AppleはITP 2.0に応じてStorage Access APIというものを用意しており、
これを使うことによってcookieの保持を緩和させてくれるようです。

参考文献 http://b.hatena.ne.jp/entry/s/webkit.org/blog/8124/introducing-storage-access-api/

細かい仕様に関しては、様々なサイトが解説をしています。
個人的にこのサイトがわかりやすかったので、気になる方は読んでみてください。

『「サードパーティクッキー」が危険な理由を正しく知りましょう』 http://ascii.jp/elem/000/000/654/654929/

各社の対応状態

半年前の記事ですが、各社この状態からそこまで大きく動いてないのではないかという印象です。
ITP 2.0になって、Facebookは少し厳しくなったかも?

ただ、Safariユーザーの人口自体があまり大きくないこともあり、
ITPのせいで我が社は終わりだー! ってほど絶望的ではない気もします。
このあたりは各社それぞれ対策を講じていると思うので、自力で調べてみてください。

『iOS11 safari のITP(Intelligent Tracking Prevention)の各社対応まとめ』 http://adworld.hatenablog.com/entry/2017/09/21/012010

補足:Google AnalyticsのITP対応について

冒頭で話していた、なぜGA連携なら問題がないのかという件です。

CriteoなどはITPに対して対策を示せていない状態ですが、
Googleに関しては、Google Analytics(GA)と連携をする、
もしくは管理画面から発行されるグローバルサイトタグを埋めれば、CV含めて問題なく計測できます。

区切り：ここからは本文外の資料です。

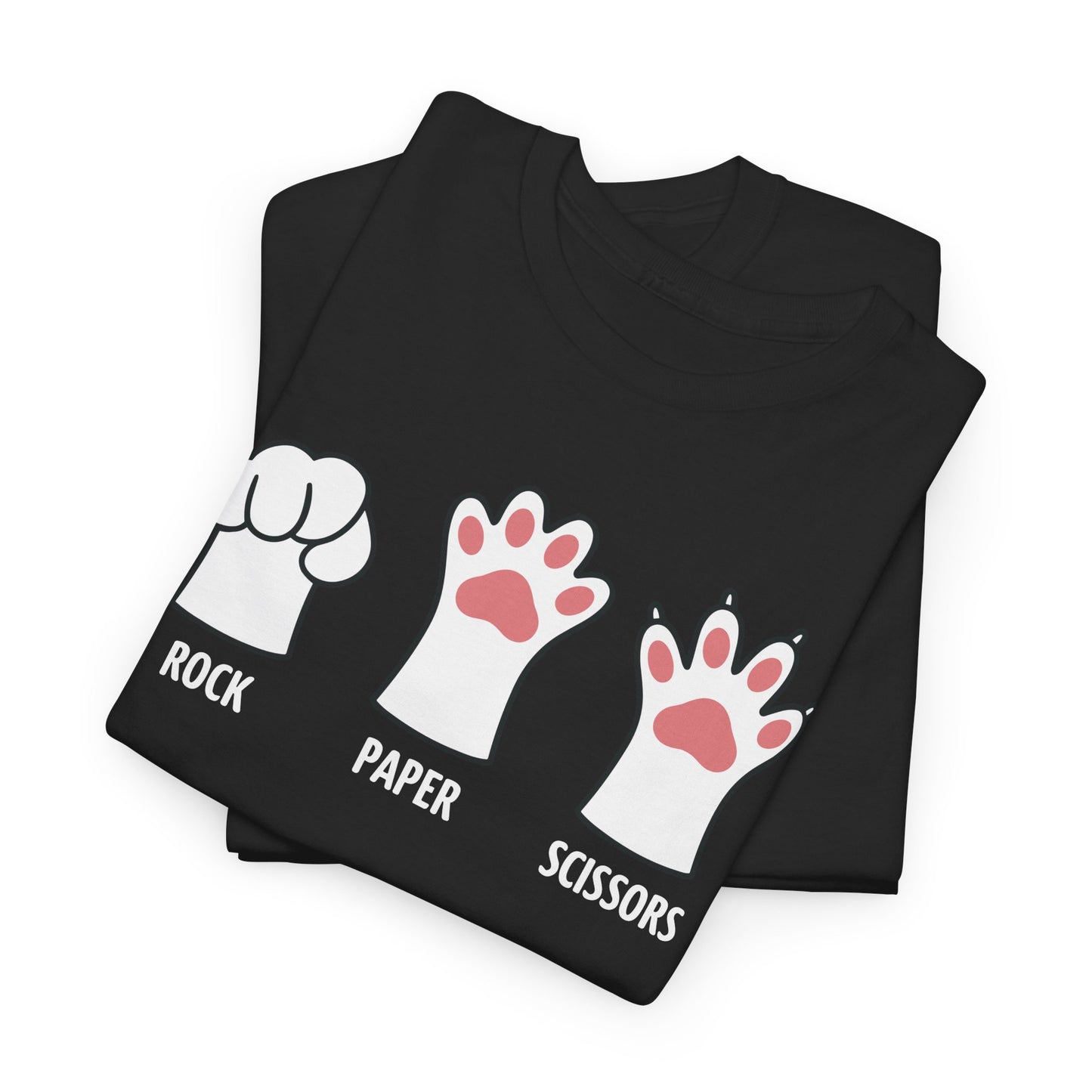 Funny Introvert Cat Animal Rescue Rock Paper Scissors Cute Paw Cat T-Shirt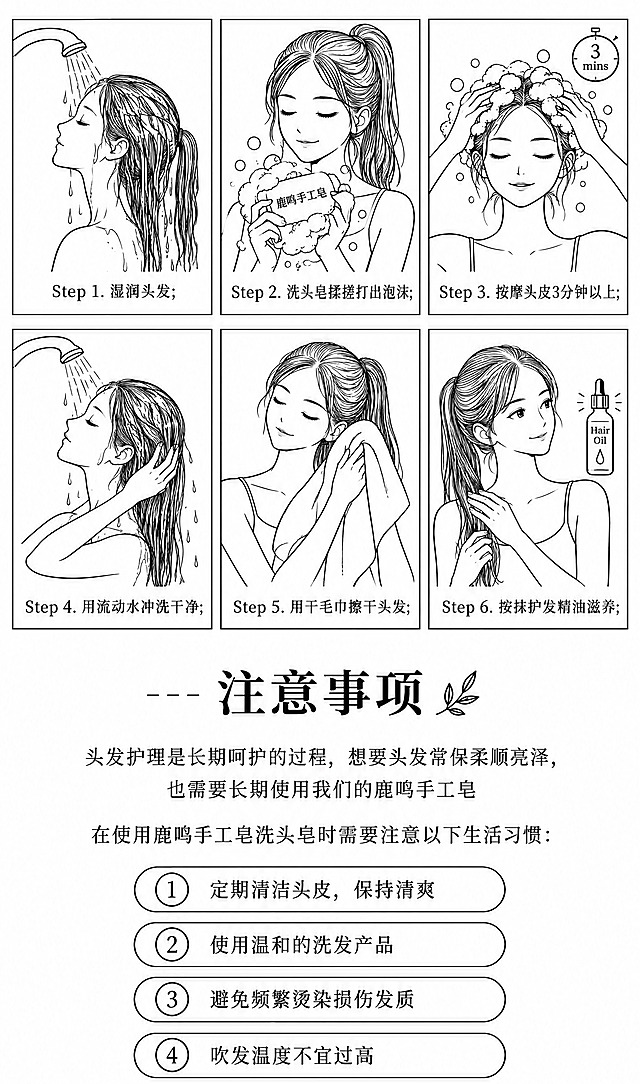 鹿鸣手工皂使用步骤与注意事项信息图，黑白线描手绘风格。上半部分6个方形线描插画：Step 1.湿润头发（女生在水龙头下冲头发）；Step 2.洗头皂揉搓打出泡沫（女生手持写有"鹿鸣手工皂"的香皂，揉搓出丰富泡沫）；Step 3.按摩头皮3分钟以上（女生双手按摩头皮，右上角3分钟计时器）；Step 4.用流动水冲洗干净（女生在水龙头下冲洗头发）；Step 5.用干毛巾擦干头发（女生用毛巾擦头发）；Step 6.涂抹护发精油滋养（女生双手涂抹发梢，右侧护发精油瓶）。下半部分注意事项板块，标题"注意事项"配叶子装饰，第一段：头发护理是长期呵护的过程，想要头发常保柔顺亮泽，也需要长期使用我们的鹿鸣手工皂。第二段：在使用鹿鸣手工皂时需要注意以下生活习惯：1.定期清洁头皮，保持清爽；2.使用温和的洗发产品；3.避免频繁烫染损伤发质；4.吹发温度不宜过高。整体简约黑白线描风格，人物优雅，排版清晰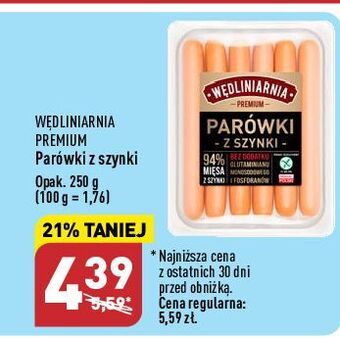ALDI Parówki z szynki wędliniarnia premium oferta
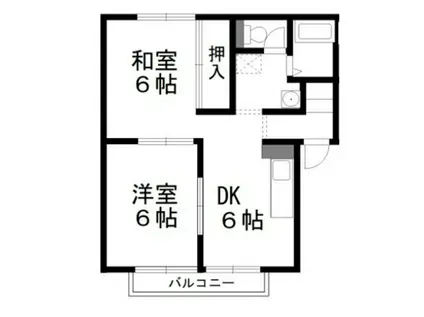 パークサイドよこおB棟(2DK/2階)の間取り写真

最後は、なんでGAなら問題ないのか、について解説してこの記事を締めくくりたいと思います。

結論:これ見ればOK
https://www.nexal.co.jp/blogs/2061.html

この記事を読んでいる時点で、テック側の知識が少ないと予想されますので
最初からしっっかり読まないと理解できないと思います。

個人的な解釈では下記のイメージです。
・クッキー自体は自分のサイトとしか行わないからファーストパーティー扱い
・GAのjavascriptが何やら動いて、なぜか情報だけはGAに行く
・でもGoogleドメインとのクッキーのやり取りはないから、やっぱりファーストパーティー扱い

とりあえずGoogleすごいとだけ思っておけばOKです。